• _WORK REQUIRED_: The first line of the entries and each line after it, through the one that contains "Pre-owned Nike Men's", are to be duplicated exactly; no picture belongs in the copy.

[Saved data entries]
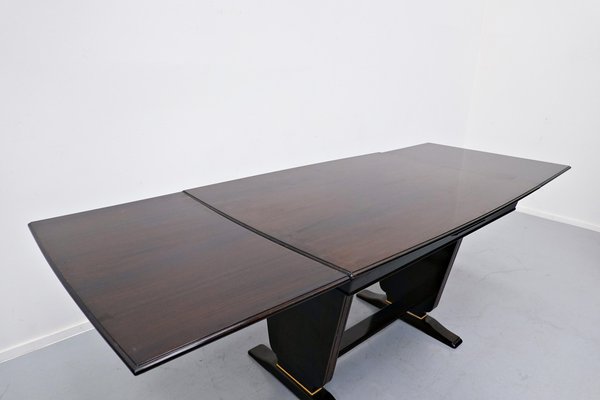 Extendable Dining Table by Vittorio Dassi, 1950s-FGA-922963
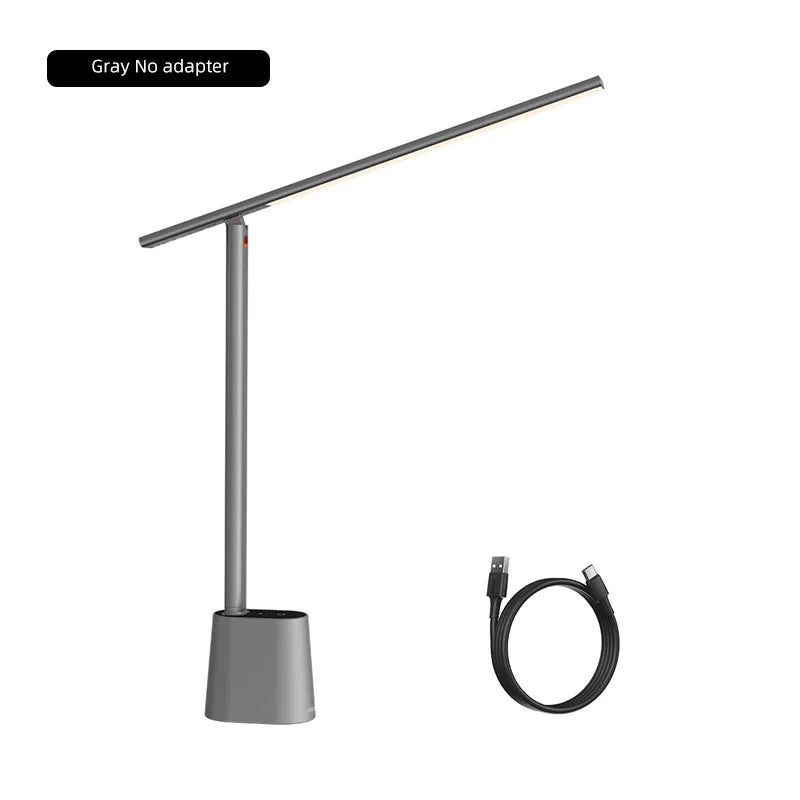 Adaptive LED Desk Lamp with Eye Protection for Office and Study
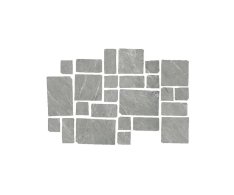 Coem Cardoso Mosaico Palladiana Grigio Chiaro 30x30 Strutt. Buratt.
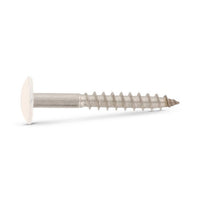 Surub lemn dulgherie cap stea colorat - 5,5 x 25 mm - RAL 9001 - 100 buc. - Admira Distribution
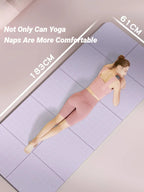 YogaMat FlexFold | Foldable & Lightweight | Double-Sided Non-Slip | Eco-Friendly TPE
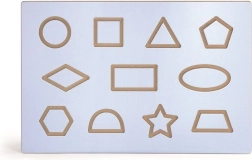 Panou interschimbabil – forme 60 × 40 cm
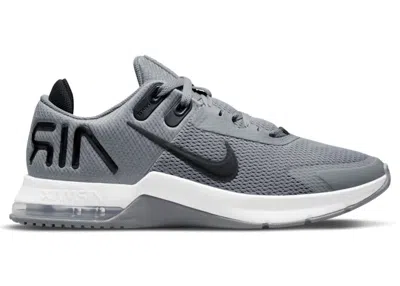Pre-owned Nike Men's  Air Max Alpha Trainer 4 Sneakers In Cool Grey/black In Multi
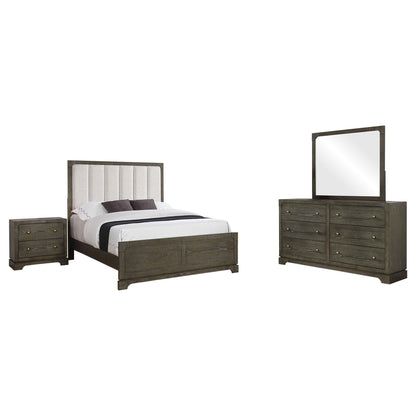Harbington - Bedroom Set With Upholstered Headboard Furniture Max
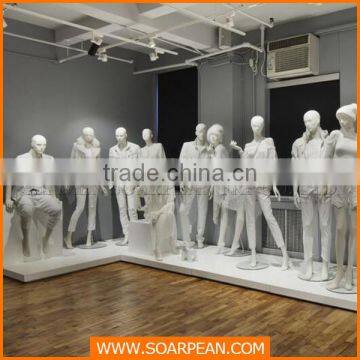 Fiberglass Sporting Full Body Male Mannequin photo-3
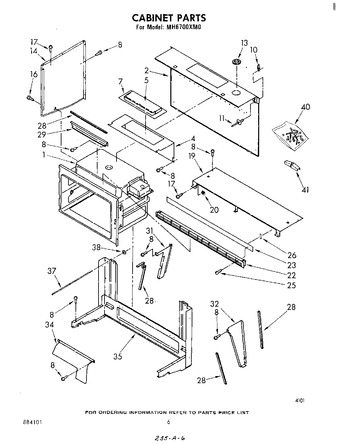 Diagram for MH6700XM0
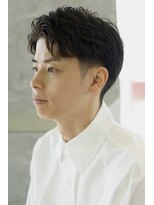 にもう メンズショートヘア"爽やかアップバング2WAY"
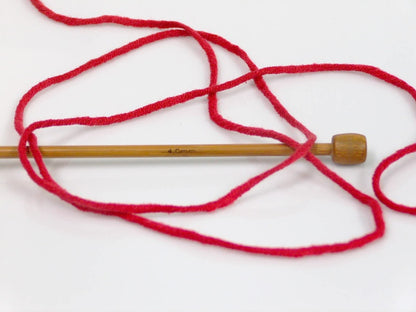 Lorena Worsted Red Sku:fnt2-52133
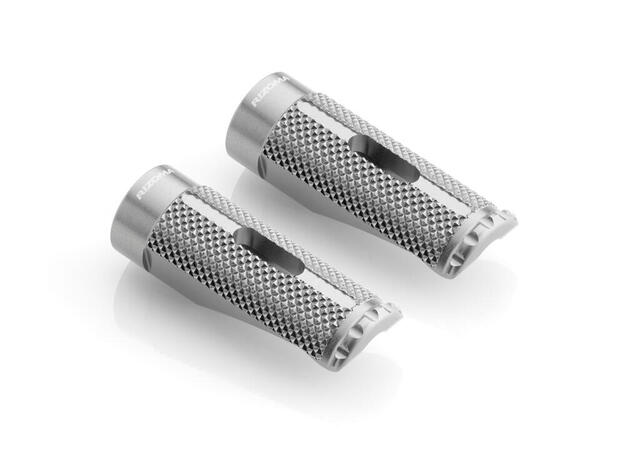 Rizoma Rider/ passenger racing pegs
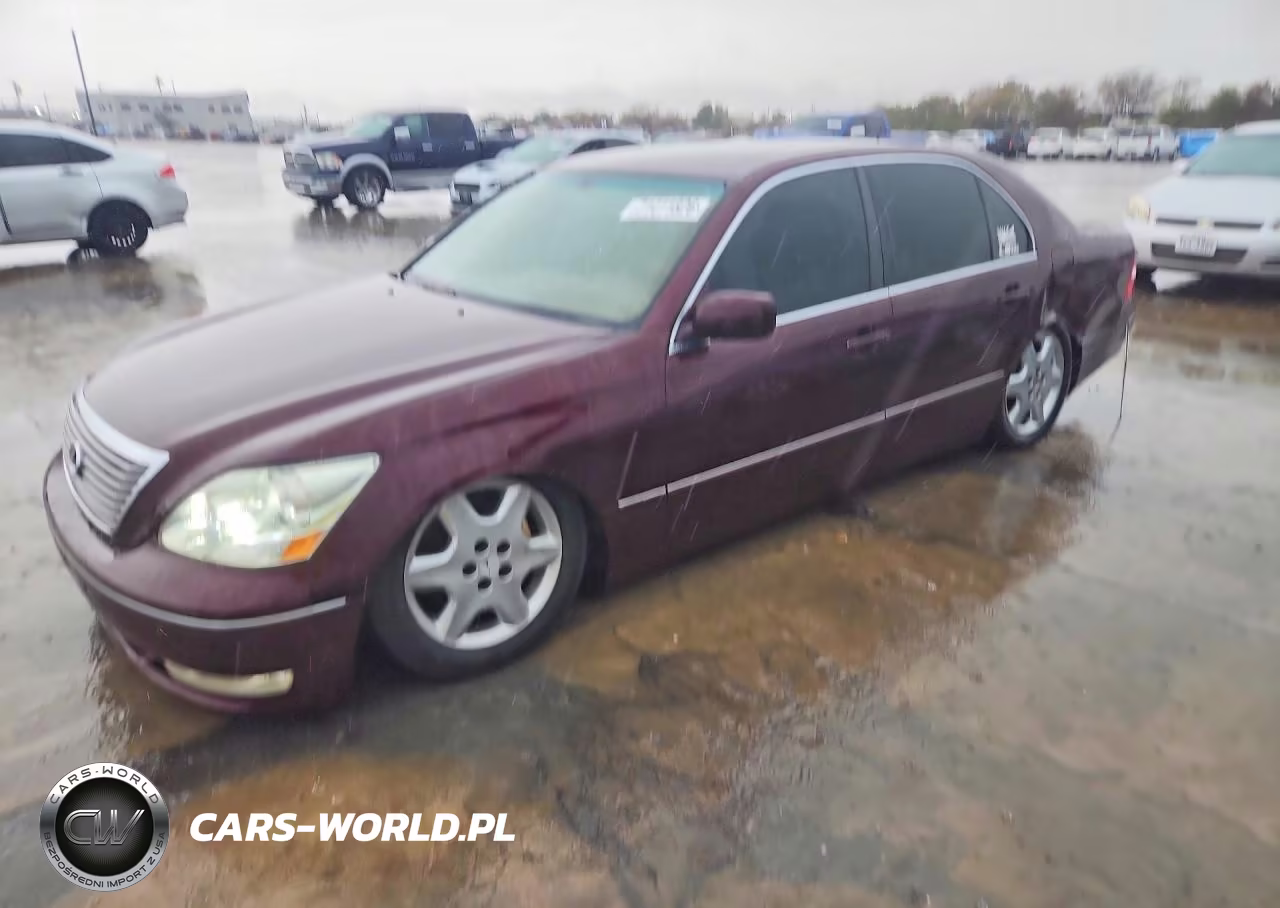 2004 Lexus Ls 430 VIN:JTHBN36F740142616 - 1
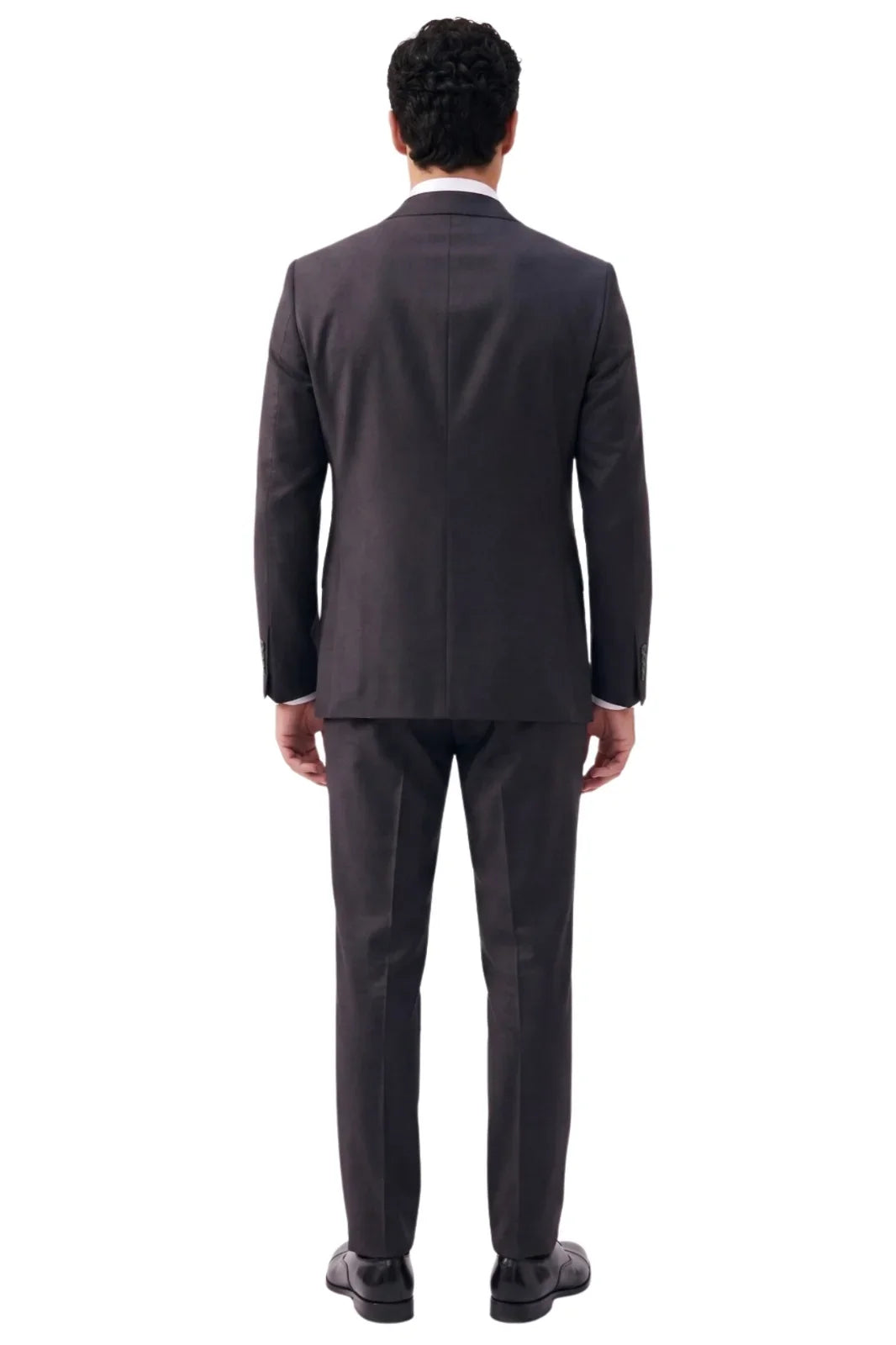 Scintilla Three Piece Suit-GRY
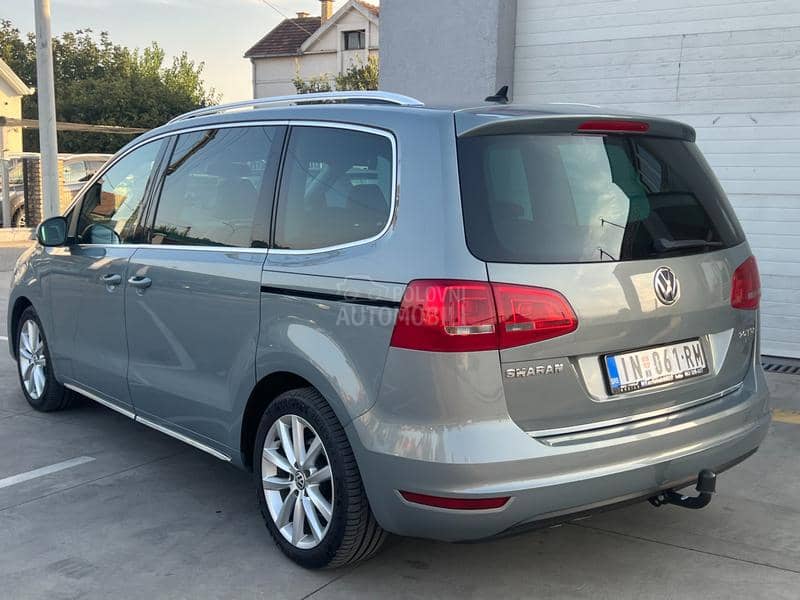 Volkswagen Sharan 2.0TDI HIGHLINE/NAAV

• _TASK ANSWER_:
 Extendable Dining Table by Vittorio Dassi, 1950s-FGA-922963
 Adaptive LED Desk Lamp with Eye Protection for Office and Study
 Coem Cardoso Mosaico Palladiana Grigio Chiaro 30x30 Strutt. Buratt.
 Surub lemn dulgherie cap stea colorat - 5,5 x 25 mm - RAL 9001 - 100 buc. - Admira Distribution
 YogaMat FlexFold | Foldable & Lightweight | Double-Sided Non-Slip | Eco-Friendly TPE
 Panou interschimbabil – forme 60 × 40 cm
Pre-owned Nike Men's  Air Max Alpha Trainer 4 Sneakers In Cool Grey/black In Multi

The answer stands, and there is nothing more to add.